RENCANA pemerintah menghapus sistem kelas dalam kepesertaan BPJS Kesehatan dan menggantinya dengan skema tunggal Kelas Rawat Inap Standar (KRIS) kembali menuai kritik keras dari kalangan pekerja. Presiden Konfederasi Serikat Pekerja Nusantara (KSPN), Ristadi, menilai kebijakan tersebut tidak adil dan berpotensi menurunkan kualitas layanan yang selama ini diterima para buruh.

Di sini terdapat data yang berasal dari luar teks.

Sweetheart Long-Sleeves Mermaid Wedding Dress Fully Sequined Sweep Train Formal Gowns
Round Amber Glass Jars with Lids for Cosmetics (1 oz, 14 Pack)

“Dengan KRIS, kami dipaksa turun ke kelas yang lebih rendah meski membayar iuran lebih tinggi. Ini bukan pemerataan ke atas, tapi penyamarataan ke bawah,” ujar Ristadi dalam keterangannya, Kamis (29/5).
Ia menegaskan bahwa selama ini pekerja memilih kelas perawatan sesuai kemampuan ekonomi, dan kebijakan baru tersebut mencabut hak tersebut tanpa mekanisme dialog sosial yang memadai. KSPN menyayangkan absennya keterlibatan serikat pekerja dalam penyusunan KRIS, meskipun kebijakan tersebut langsung berdampak pada jutaan pekerja formal.
Ristadi juga menyoroti kesiapan infrastruktur rumah sakit, terutama di daerah, yang dinilainya belum memadai untuk implementasi KRIS secara nasional. Ia memperingatkan bahwa buruh berisiko tidak mendapatkan layanan rawat inap yang layak, atau bahkan ditolak karena keterbatasan fasilitas.
“KRIS ini membuka peluang komersialisasi layanan kesehatan rakyat. Ketika semua diseragamkan, yang terjadi justru pemisahan diam-diam: peserta biasa di KRIS, sementara layanan premium dibuka untuk yang mampu bayar lebih,” ujarnya. “Yang diuntungkan justru rumah sakit swasta dan perusahaan asuransi.”
KSPN menyatakan tidak menolak perbaikan kualitas layanan, namun mendesak agar KRIS tidak menjadi alasan untuk memangkas manfaat yang sudah ada. Mereka meminta pemerintah mempertahankan sistem kelas 1, 2, dan 3 dengan besaran iuran yang proporsional, sambil menaikkan standar layanan di kelas 3.
“Kami minta Menkes membatalkan KRIS tunggal. Libatkan serikat pekerja dalam setiap proses reformasi JKN,” tutup Ristadi.